You shouldn't need to go back to bare wood. A light scuffing up or sanding should key the surface sufficiently to provide a good bond, even with water-bourne paints going on top of varnish or lacquer. You can do an adhesion test on a small patch if you're worried.

Edit: has any of the furniture been in the kitchen? If so it's worth thoroughly degreasing the surface prior to keying the surface.

Knots, you're always safer if you seal them with shellac (knotting is shellac). Because the furniture is already finished in some way the knots may be sealed well enough, but shellac is a better sealer than most other clear finishes. 



PattyMac":1l337vbw said:


> I think you can apply chalk paint directly but that isn't the finish/paint I would like to use - I want to use Little Greene.


Most paints can actually go directly on to fresh wood, the requirement for primer, undercoat and then multiple layers of topcoat is largely applicable to exterior woodwork or high-wear surfaces on interior woodwork where long-term durability is desired.


----------



## Just4Fun (21 Dec 2017)

ED65":1leye2ed said:


> Knots, you're always safer if you seal them with shellac (knotting is shellac).
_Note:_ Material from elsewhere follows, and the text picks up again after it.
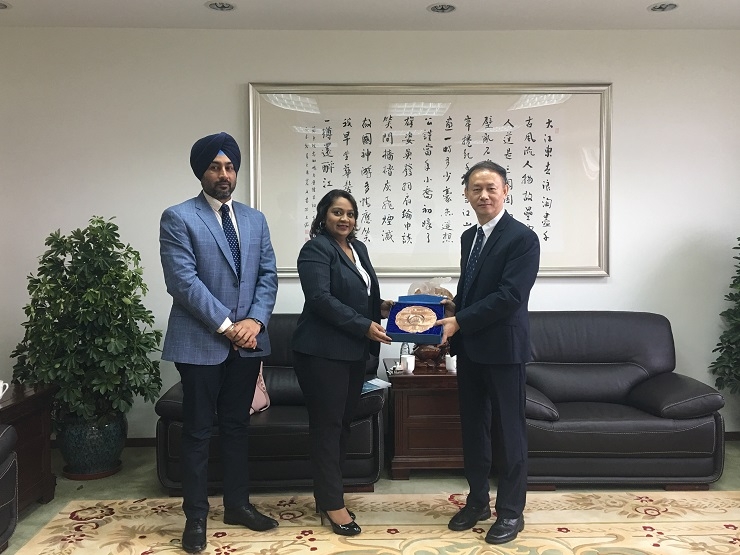 金永兴书记向来宾赠送学校纪念品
Because the furniture is already finished in some way the knots may be sealed well enough, but shellac is a better sealer than most other clear finishes.


Why do you seal the knots? What might happen if you didn't seal them?
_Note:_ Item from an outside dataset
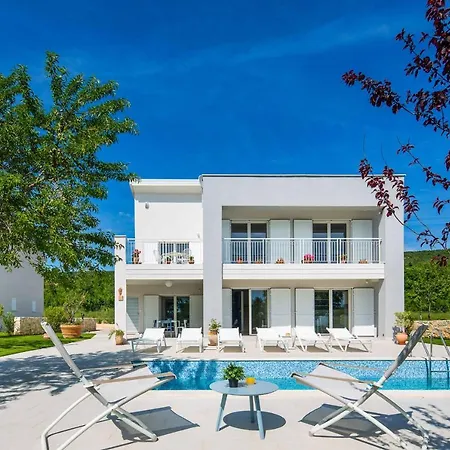 White Pebble I Vila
I remember applying "knotting" to new wood when I worked as a builder's labourer during school holidays in the 1970s but I don't remember what the liquid was nor why it was applied and I have never seen it since then.


----------



## thick_mike (21 Dec 2017)

For an adhesion test: apply the paint, allow to dry thoroughly, then apply sellotape to the new paint and pull off at 90 deg to the surface.

A better test is to crosshatch through the coating with a Stanley knife prior to the tape pull off test, but that would make a mess of the chair.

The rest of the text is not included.